**THE PROBLEM:**
The records below are to be restated word for word, with their images omitted.

**Short web captions:**
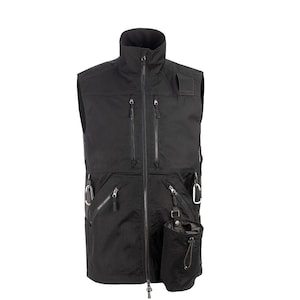 May include: Black vest with a high collar and multiple zippered pockets. Features a full-length zipper, a small pouch with a drawstring, and metal carabiner clips. The vest is designed for outdoor activities.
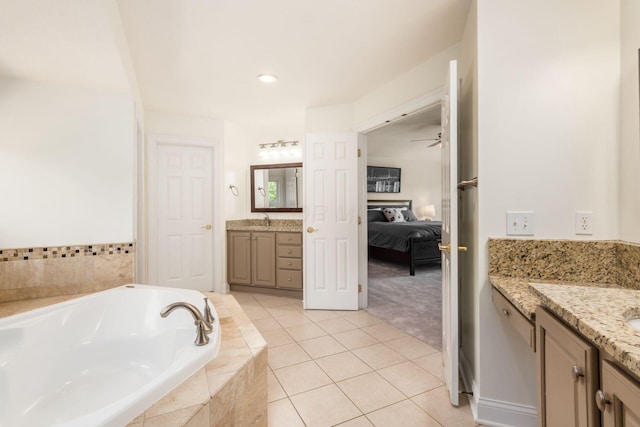 5866 Morganwood Sq, Hilliard, OH 43026 - ensuite bathroom with two vanities, a bath, tile patterned floors, and ceiling fan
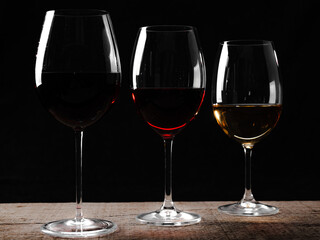 Crystal glasses with red and white wine
over rustic wooden table on black background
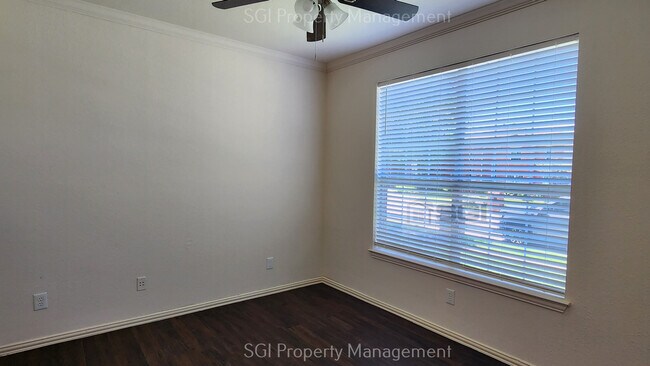 Building Photo - Corner lot with massive yard!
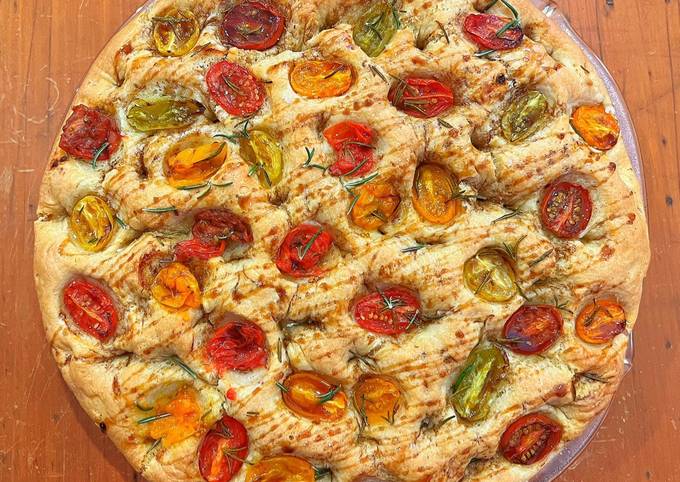 A picture of Foccacia with cherry tomatoes, rosemary and pomegranate molasses.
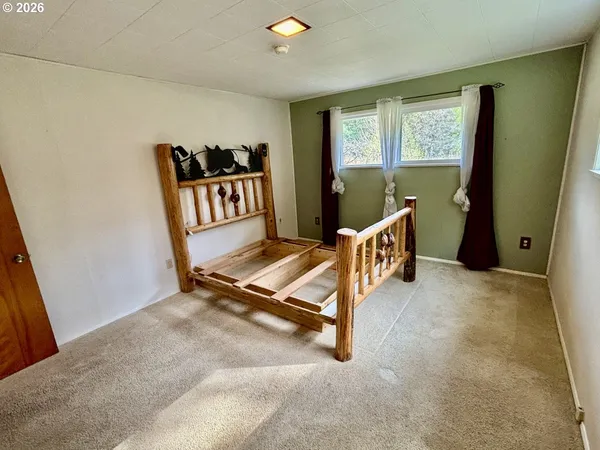 a bed sitting in a bedroom next to a window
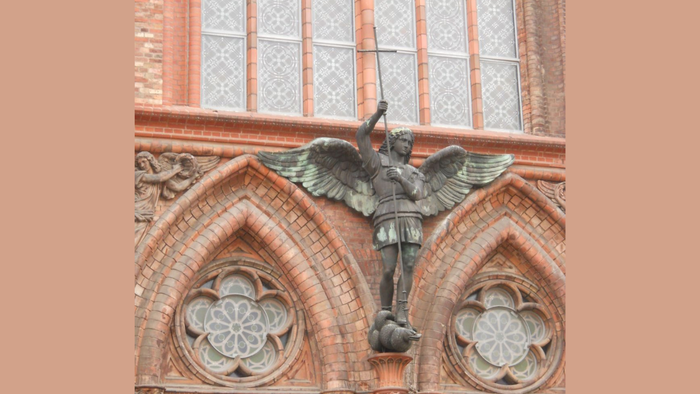 Die Statue eines geflügelten Engels vor einem Ziegelgebäude mit Buntglasfenstern.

**SOLUTION FOR THIS EXERCISE:**
 May include: Black vest with a high collar and multiple zippered pockets. Features a full-length zipper, a small pouch with a drawstring, and metal carabiner clips. The vest is designed for outdoor activities.
 5866 Morganwood Sq, Hilliard, OH 43026 - ensuite bathroom with two vanities, a bath, tile patterned floors, and ceiling fan
 Crystal glasses with red and white wine
over rustic wooden table on black background
 Building Photo - Corner lot with massive yard!
 A picture of Foccacia with cherry tomatoes, rosemary and pomegranate molasses.
 a bed sitting in a bedroom next to a window
 Die Statue eines geflügelten Engels vor einem Ziegelgebäude mit Buntglasfenstern.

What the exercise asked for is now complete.